Question

The normal boiling point of a substance is defined to be the temperature at which the liquid phase of the substance is in equilibrium with the gas phase at 1 atm pressure. The normal boiling point of methanol is 80oC and ∆H vap = 38 kJ/mol.
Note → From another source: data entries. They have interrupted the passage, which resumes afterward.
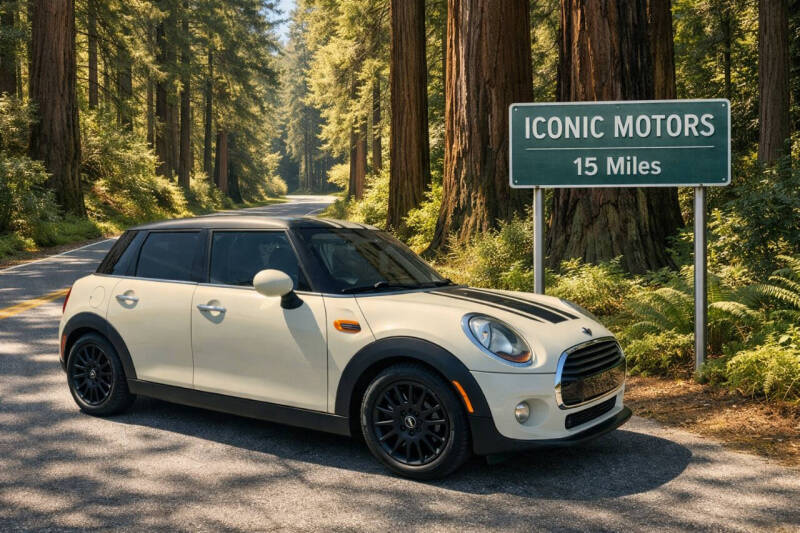 2017 MINI Hardtop 4 Door Cooper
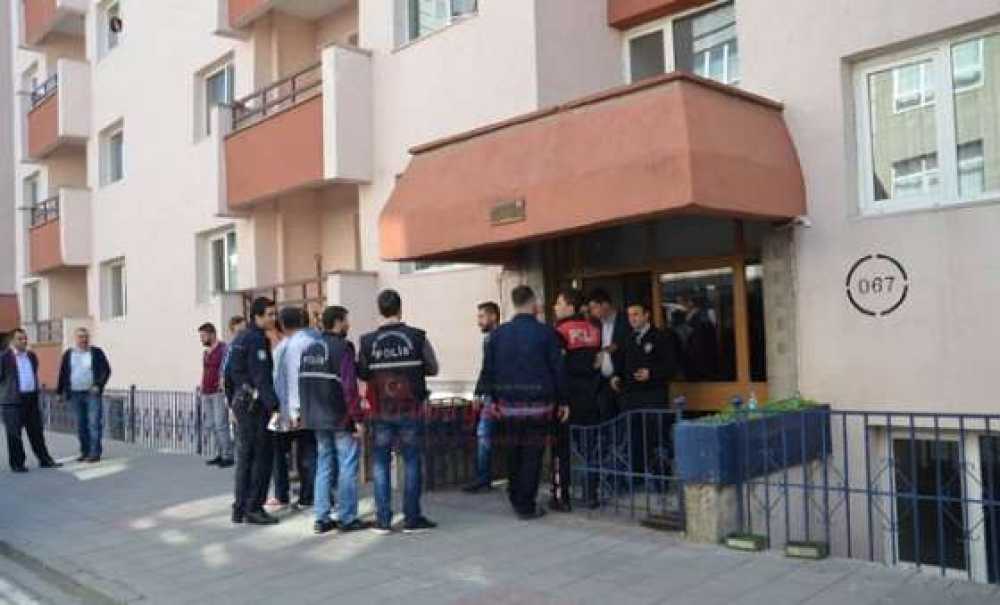 Astsubay Başçavuş Evinde Ölü Bulundu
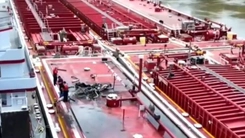 Trực thăng vướng dây điện, rơi trúng sà lan ở Mỹ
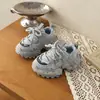 Zapatillas de Malla de Moda para Niños 2026 Nuevo Estilo Primavera y Otoño Zapatos de Papá Gruesos y Modernos para Niñas Transpirables Antideslizantes Versátiles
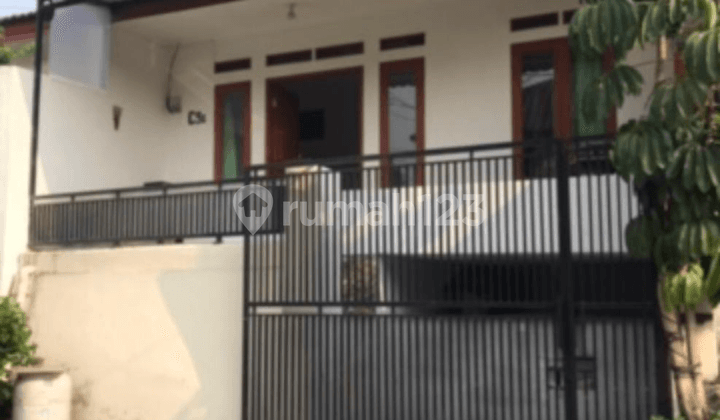 Dijual Rumah Siap Huni Dalam Kompleks, 900mtr Dari Stat Mrt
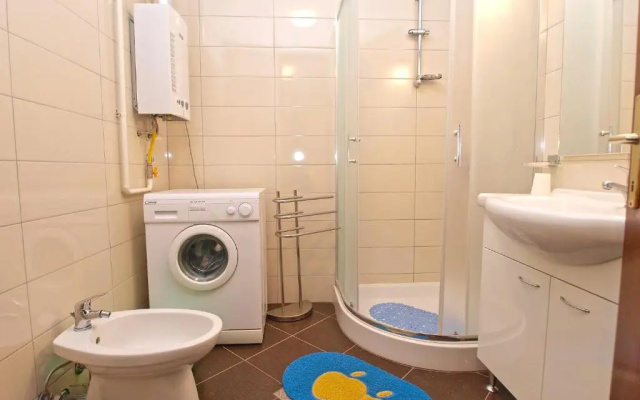 Apartment Gortanova 942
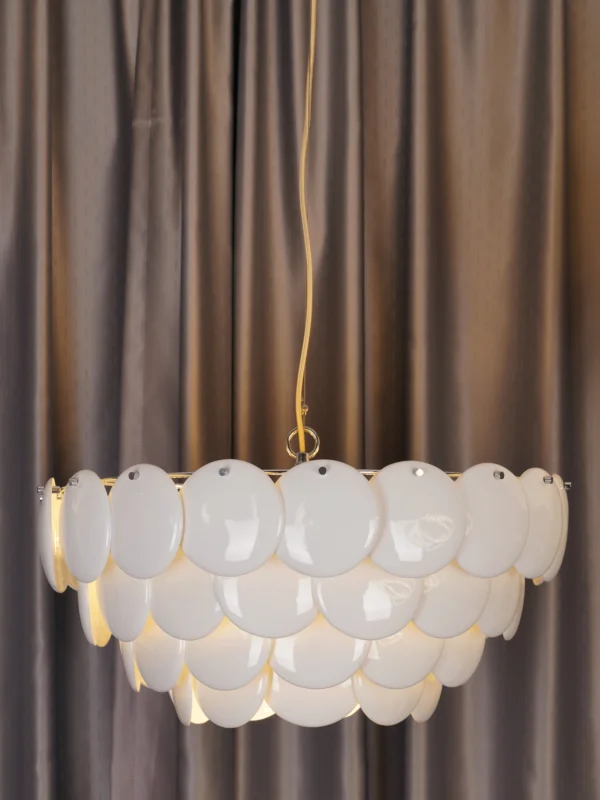 Pembridge Chandelier | Lia Premium Lights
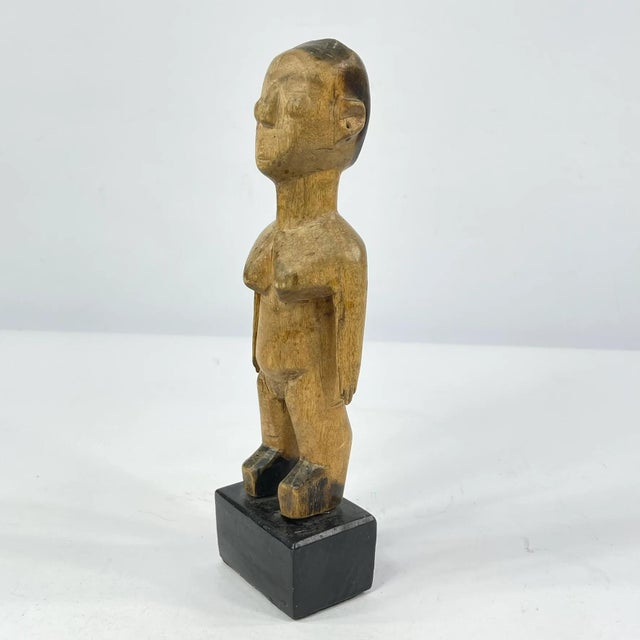 African Early 20th Century Ewe Wooden Doll on Custom Base Ghana For Sale - Image 3 of 6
What is the ∆Scrap value

Answer 1

ΔSv = 0.1075 KJ/mol.K

Step-by-step explanation:

Binary solution:

∴ a: solvent

∴ b: solute

in equilibrium:

• μ*(g) = μ(l) = μ* +RTLnXa....chemical potential (μ)

⇒ Ln (1 - Xb) = ΔG/RT

∴ ΔG = ΔHv - TΔSv

⇒ Ln(1 -Xb) = ΔHv/RT - ΔSv/R

∴ Xb → 0:

⇒ Ln(1) = ΔHv/RT - ΔSv/R

∴ T = T*b....normal boiling point

⇒ 0 = ΔHv/RT*b - ΔSv/R

⇒ ΔSv = (R)(ΔHv/RT*b)

⇒ ΔSv = ΔHv/T*b

∴ T*b = 80°C ≅ 353 K

⇒ ΔSv = (38 KJ/mol)/(353 K)

⇒ ΔSv = 0.1075 KJ/mol.K